WHAT YOU WILL DO:
Beginning with the line that holds "x 100 Digitus" and ending with the last line, please repeat the entries exactly and omit the pictures.

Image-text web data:
□ □ □
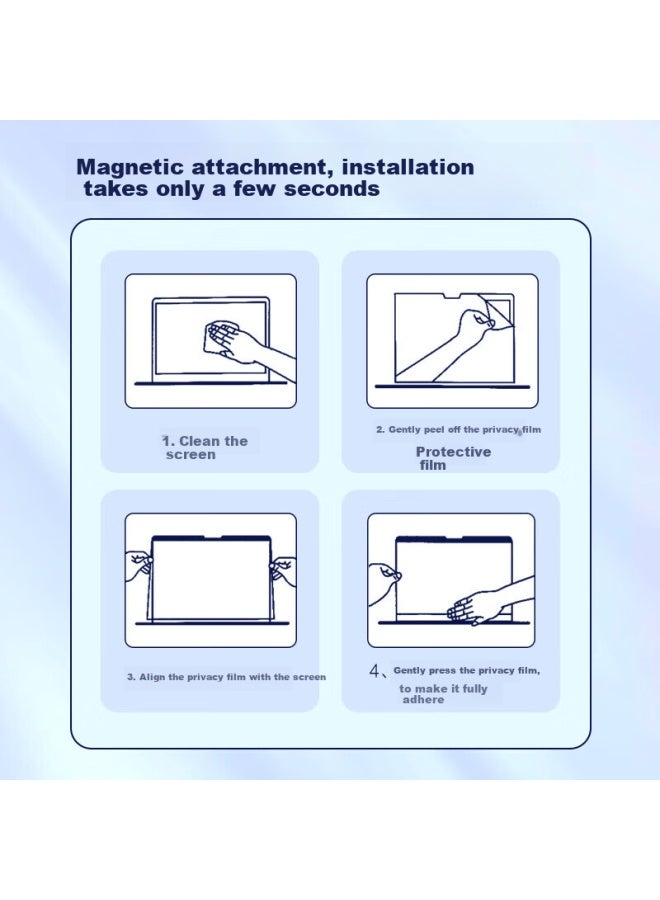 Aigo Magnetic Privacy Screen Protector For Apple Macbook Pro/air 13.6-inch Laptop, Anti-spy, Easy To Apply, Scratch-resistant Screen Film - Image 4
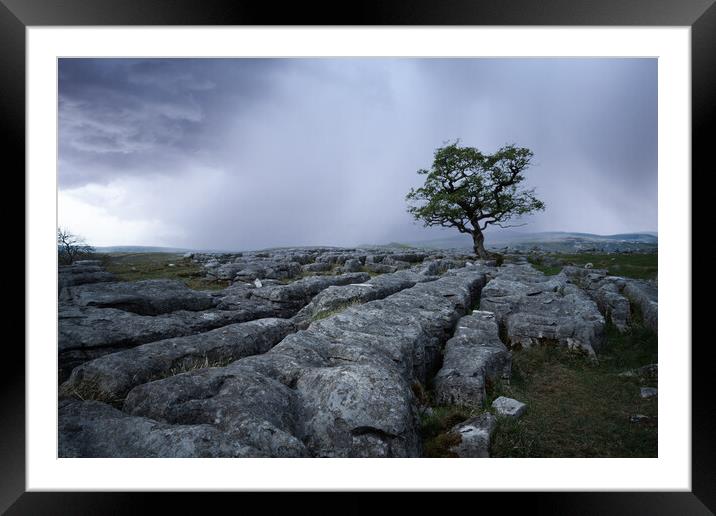 Winskill stones moody storm. Yorkshire Dales.  Framed Mounted Print by John Finney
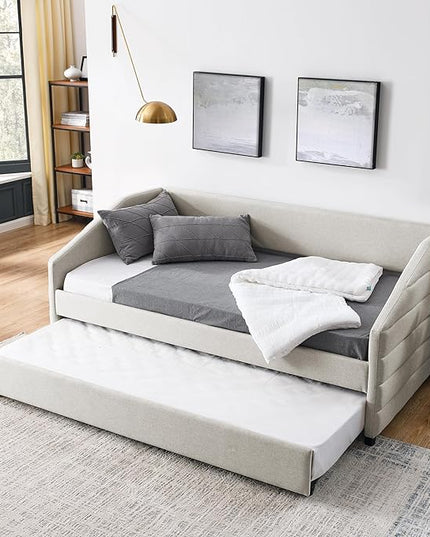 Linen Upholstered Twin Size Daybed with Twin Size Trundle, Solid Wood Tufted Sofa Bed Frame for Bedroom, Guest Room, Dorm, No Box Spring Needed, Space-Saving Design, Beige - LeafyLoom
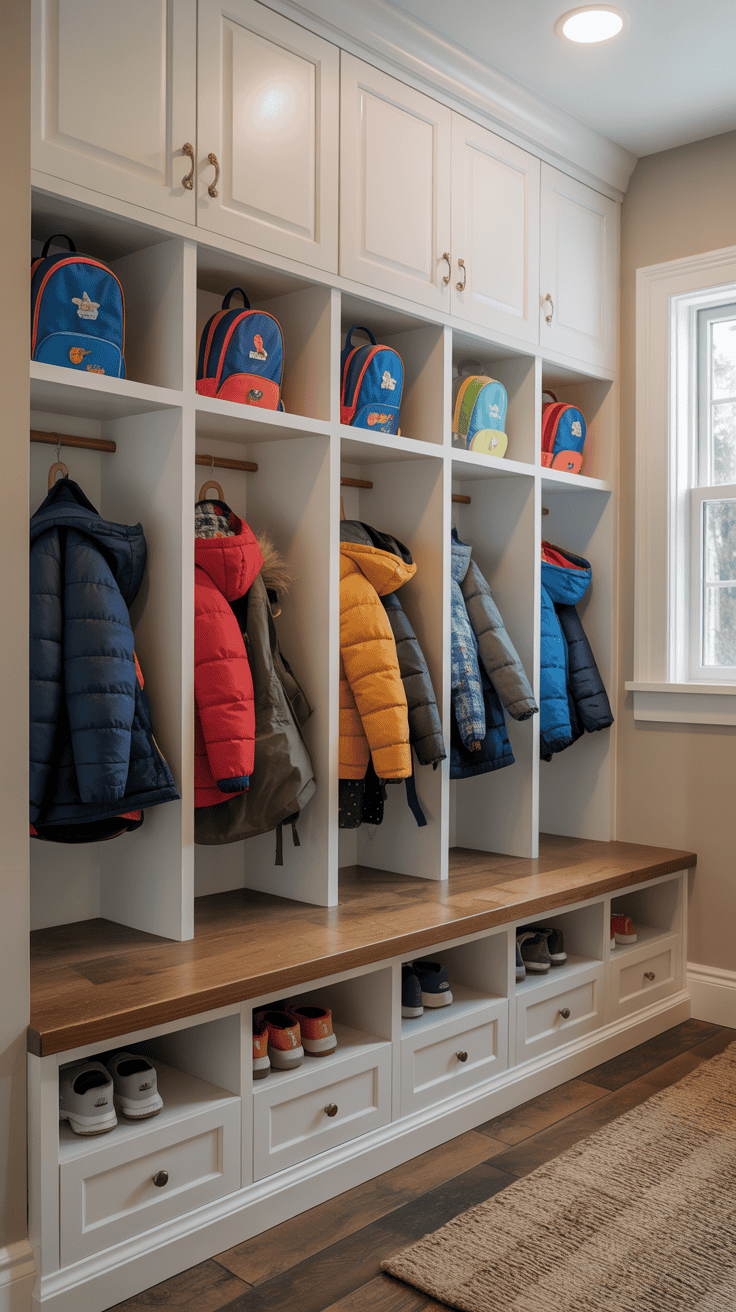 Built-in mudroom cubbies with organized backpacks, shoes, coats, and family storage compartments.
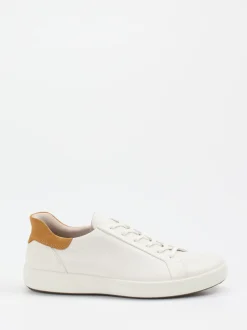 Ecco – Sneaker aus Glattleder Offwhite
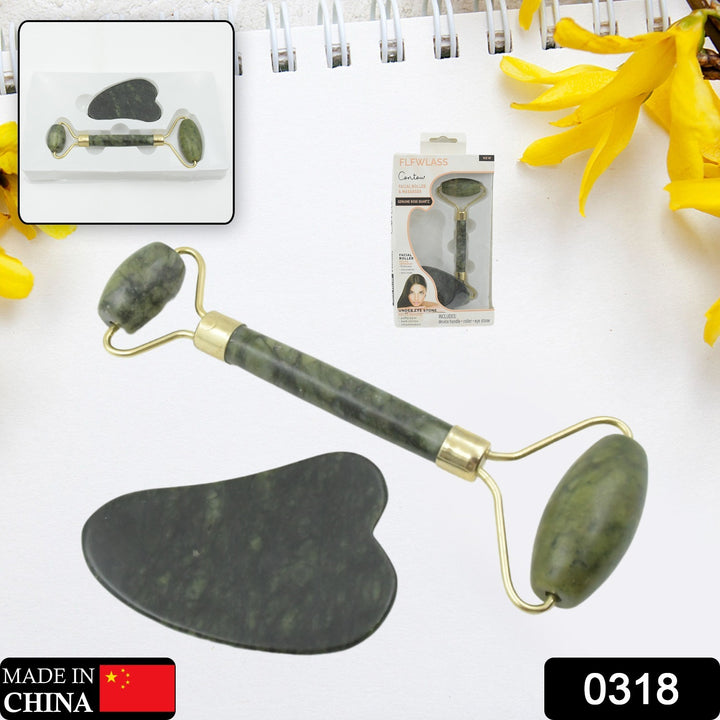 Superior eMart anti-aging face massager with jade roller and gua sha tool for skincare routine
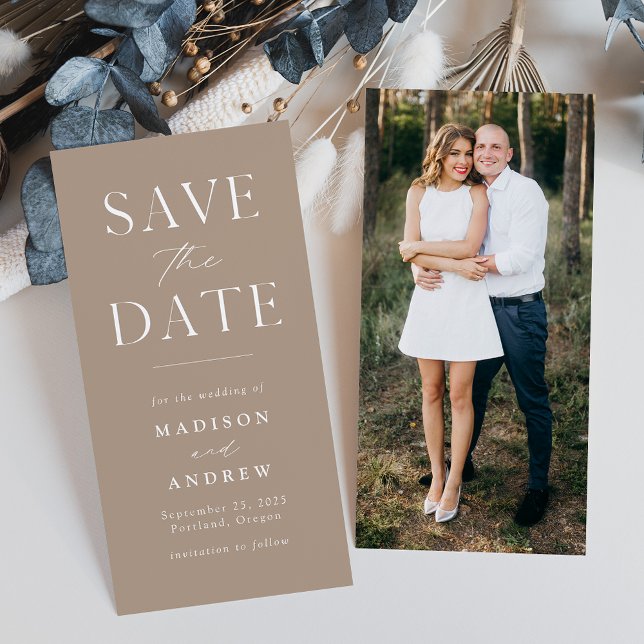 Modern elegance Taupe Photo Save Date (Skapare uppladdad)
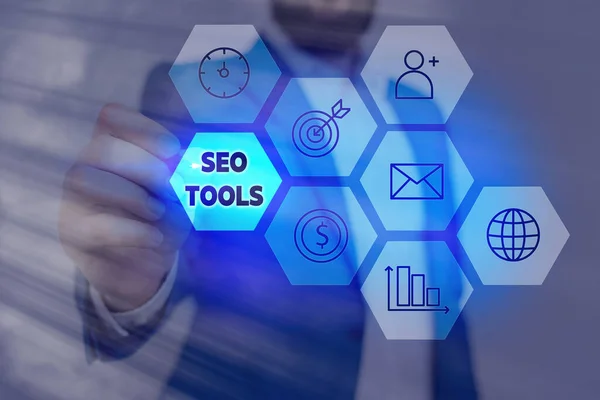 Writing note showing Seo Tools. Business photo showcasing process of affecting online visibility of website or page. — Stock Photo, Image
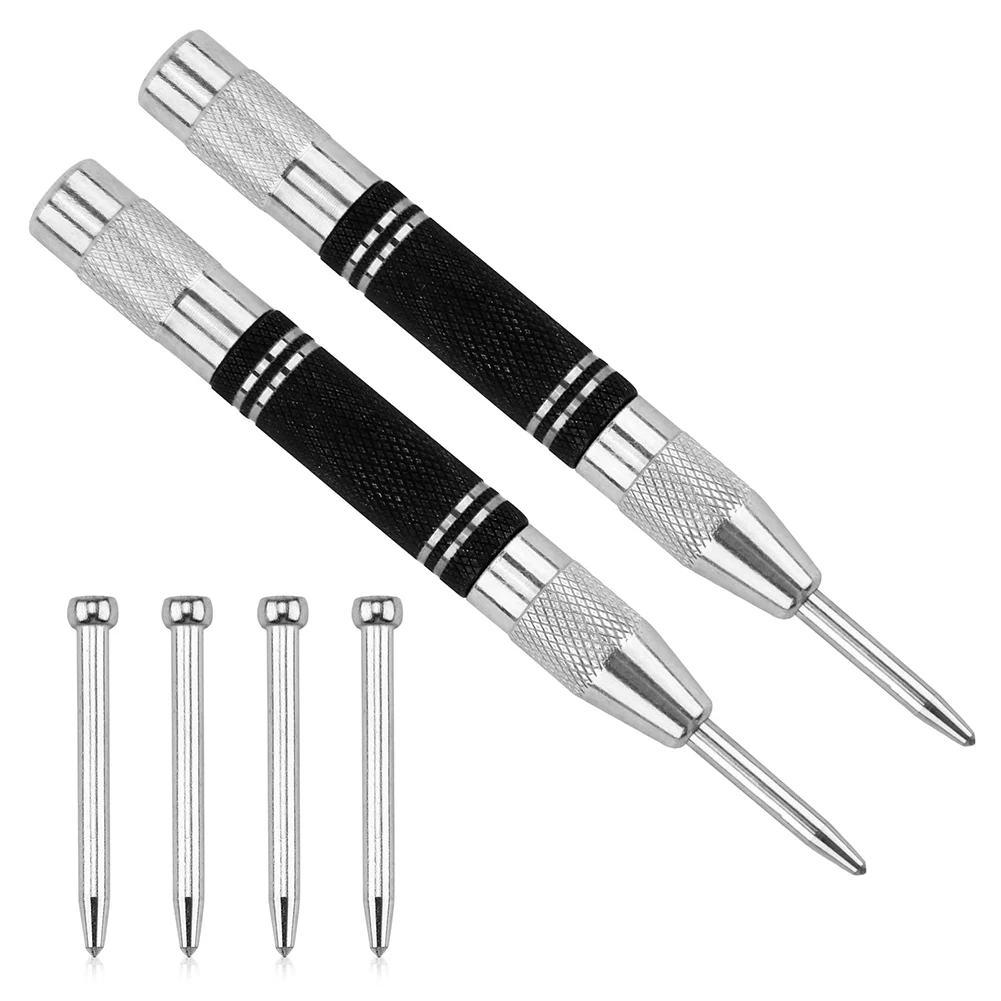 Automatic Centre Punch Set of 2 with Adjustable Spring Tension for Precision Marking on Metal Wood Glass and Plastic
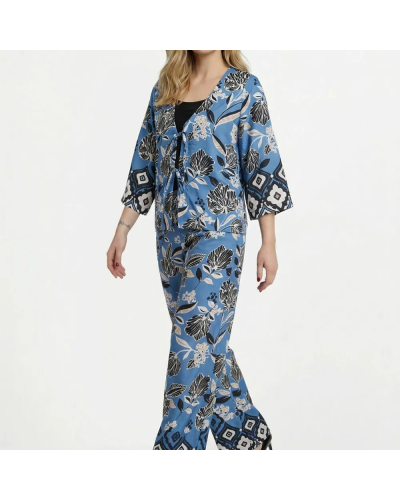 Tunique satinée, motif fleurs d’Orient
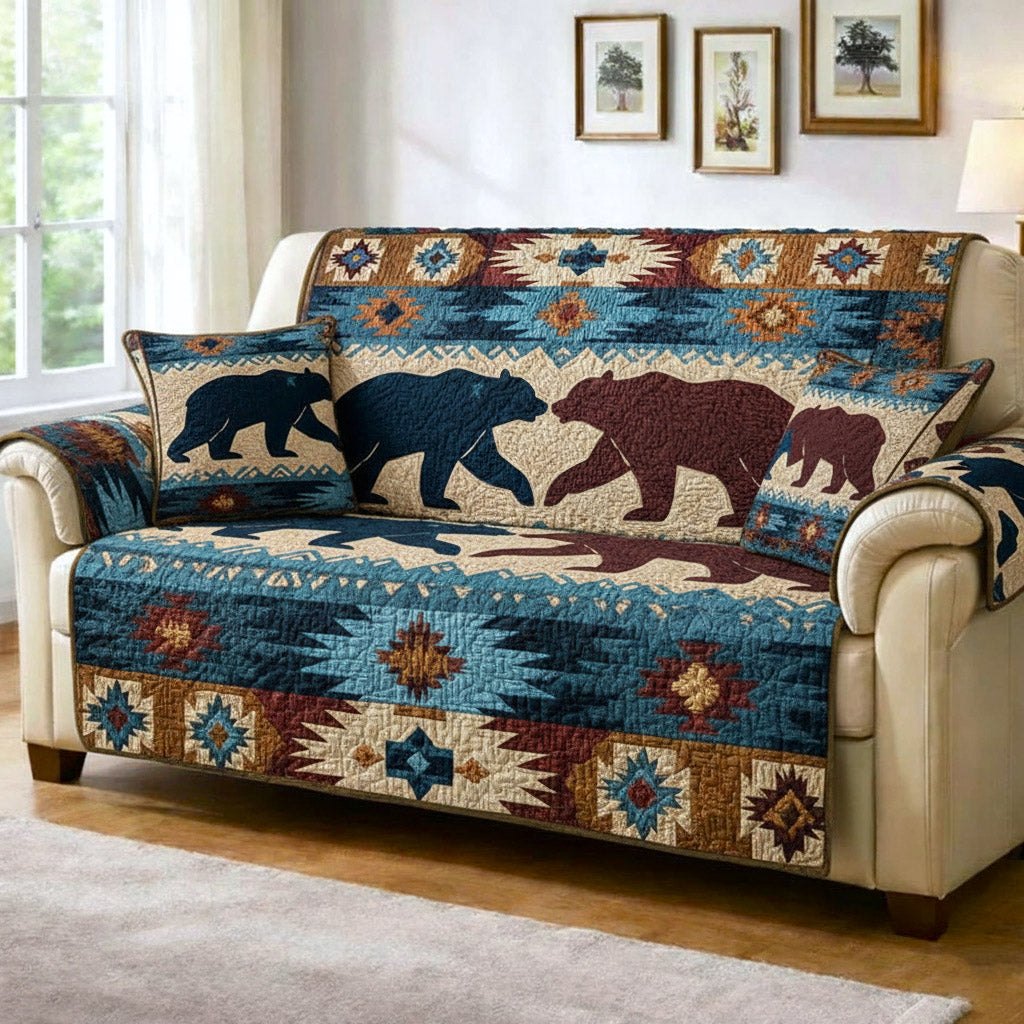 Bear Silhouettes on Blue Southwest Bands Sofa Cover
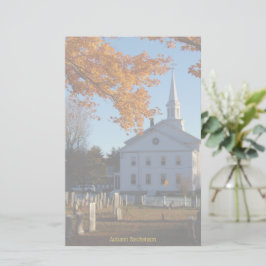 Golden Fall Foliage with Church and Cemetery Brevpapper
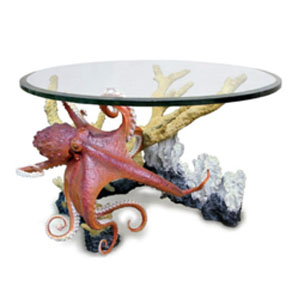 octopus encounter coffee table by Wyland - bronze sculpture table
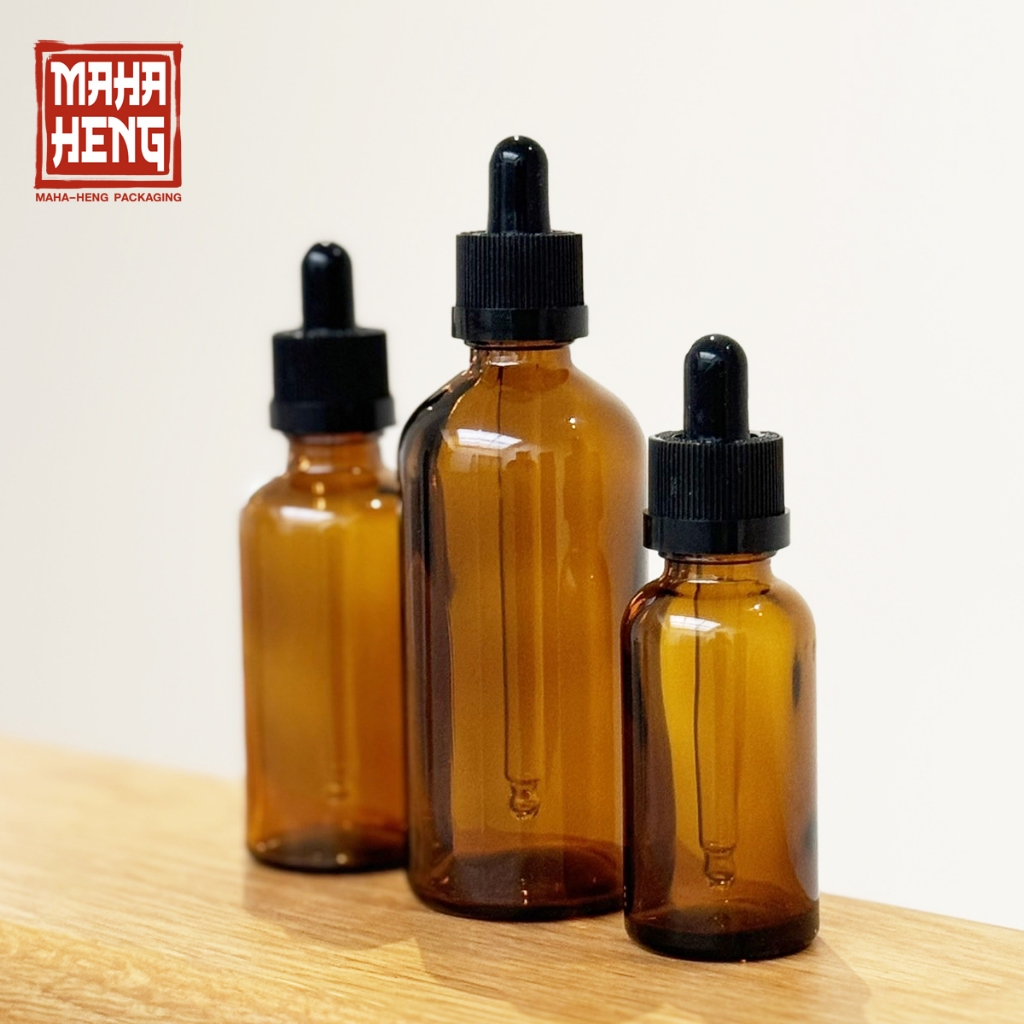 ขวดดรอปเปอร์ ขวดเซรั่มหัวดรอป ขวดแก้วสีชา 30/50/100 ml พร้อมจัดส่ง มหาเฮงบรรจุภัณฑ์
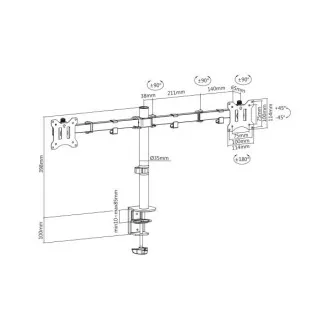 Digitus držák na dva monitory 15-32 ", 2x 8 kg (max.), Černé VESA: 75 x 75, 100 x 100 Digitus držák na dva monitory 15-32 ", 2x 8 kg (max.), Černé VESA: 75 x 75, 100 x 100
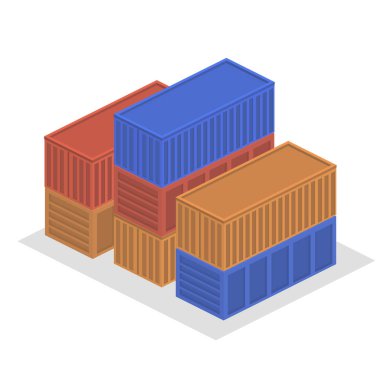 İzometrik kargo konteyner'dır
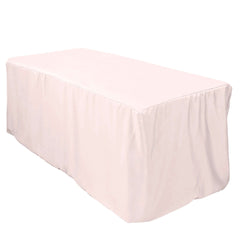 Fitted Polyester 72"x30" Rectangle Tablecloth Blush - Durable Table Cover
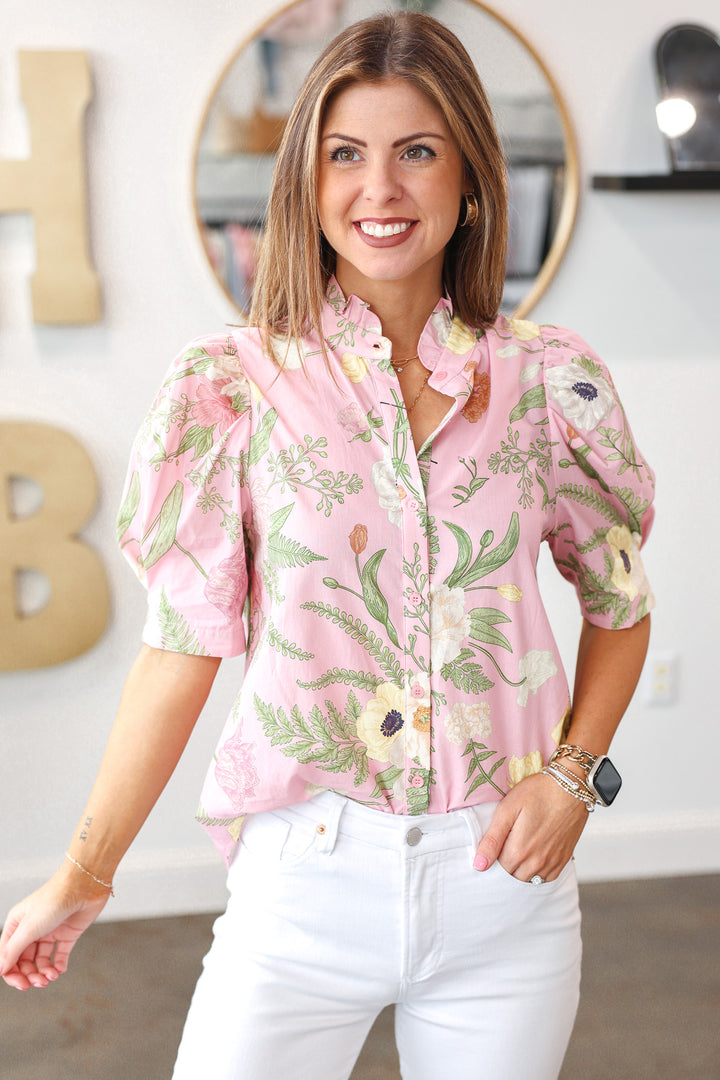 Ruffle Collar Floral Top - Pink - RESTOCK IN APRIL!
□ □ □
RESPONSE TO THE TASK:
 Digitus držák na dva monitory 15-32 ", 2x 8 kg (max.), Černé VESA: 75 x 75, 100 x 100 Digitus držák na dva monitory 15-32 ", 2x 8 kg (max.), Černé VESA: 75 x 75, 100 x 100
 İzometrik kargo konteyner'dır
 Fitted Polyester 72"x30" Rectangle Tablecloth Blush - Durable Table Cover
 Ruffle Collar Floral Top - Pink - RESTOCK IN APRIL!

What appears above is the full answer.